S’exprimant lors d’un point de presse tenu au 23e étage de l’immeuble de l’ex-CAISTAB à Abidjan, le patron de l’organe de régulation de la filière a dénoncé des « fausses informations » de nature à « troubler la campagne de commercialisation », alors que la Côte d’Ivoire est le premier producteur mondial de cacao.
Depuis plusieurs jours, des syndicats et certains médias évoquent un engorgement des ports d’Abidjan et de San-Pedro, avec jusqu’à 700.000 tonnes de fèves qui seraient stockées faute de débouchés, alimentant l’inquiétude des producteurs en pleine campagne.
« Il n’y a pas de blocage inédit de la commercialisation du cacao en Côte d’Ivoire », a martelé M. Koné, soulignant que les difficultés observées cette saison « ne sont pas nouvelles » et surviennent « chaque année à certains moments de la campagne ».
Selon lui, ces informations ont été « récupérées pour des desseins inavoués et partisans », avec des conséquences directes sur le marché. Le directeur général du CCC a notamment regretté l’impact de ces rumeurs sur les cours mondiaux du cacao, affirmant que le prix aurait chuté de l’équivalent de 800 FCFA le kilogramme, passant de 4.000 à 3.200 FCFA.
« Cette situation crée une pression injustifiée sur les producteurs, avec des opérateurs qui cherchent à obtenir une baisse du prix bord champ », a-t-il déploré.Pour dissiper les doutes, le Conseil du Café-Cacao a donné des précisions chiffrées sur l’activité portuaire.
« Le déchargement du cacao dans les ports d’Abidjan et de San-Pedro n’est pas interrompu », a assuré M. Koné, indiquant que 305 camions, transportant chacun environ 40 tonnes, étaient en cours de déchargement pour la seule journée du mercredi.

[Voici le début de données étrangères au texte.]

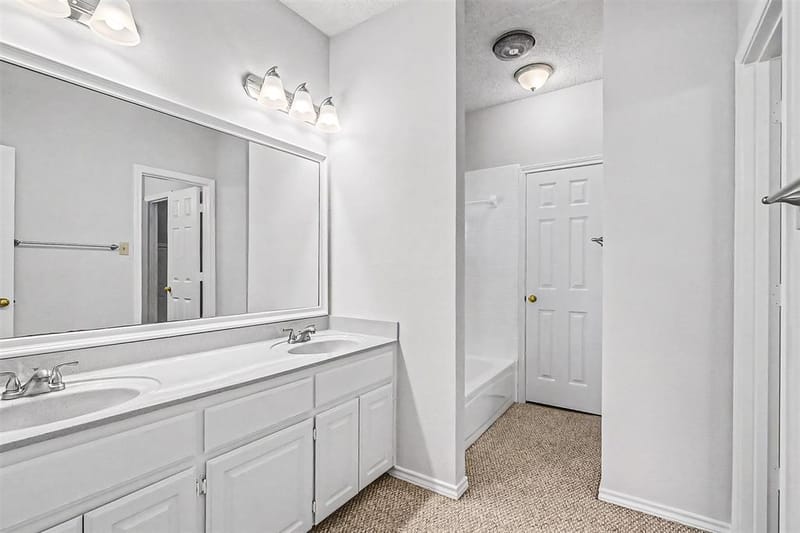 2880 Inniswood Circle, Arlington TX 76015 - Photo 22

Face aux images de camions stationnés aux abords des zones portuaires, le CCC a annoncé une inspection afin de vérifier si ces véhicules disposent de connaissements valides. Depuis 2018, rappelle l’institution, aucun camion ne peut quitter une zone de production pour le port sans un connaissement préalablement validé par l’opérateur et l’exportateur.
Ce mécanisme vise à éviter l’afflux désordonné de camions vers les ports, en s’assurant que seuls ceux pouvant effectivement décharger leur cargaison dans la journée sont autorisés à circuler.
Le directeur général a par ailleurs rappelé les mesures prises par l’État ivoirien en faveur des producteurs, mettant en avant les prix bord champ « historiquement élevés » fixés pour la campagne en cours, à 2.800 FCFA le kilogramme de cacao et 1.700 FCFA pour le café.
« L’acteur premier pour le gouvernement, c’est le producteur », a insisté M. Koné, appelant les opérateurs de la filière à « œuvrer collectivement dans l’intérêt de l’économie nationale » et à mettre un terme aux « campagnes de désinformation ».
En conclusion, il a tenu à rassurer l’ensemble des planteurs ivoiriens : « Toute la production issue des plantations ivoiriennes sera achetée et acheminée vers les usines pour l’exportation, conformément au système de commercialisation en vigueur ».
La Côte d’Ivoire produit environ 2 millions de tonnes de cacao par an, soit près de 40 % de l’offre mondiale, faisant de la fluidité de sa commercialisation un enjeu économique majeur pour le pays comme pour le marché international.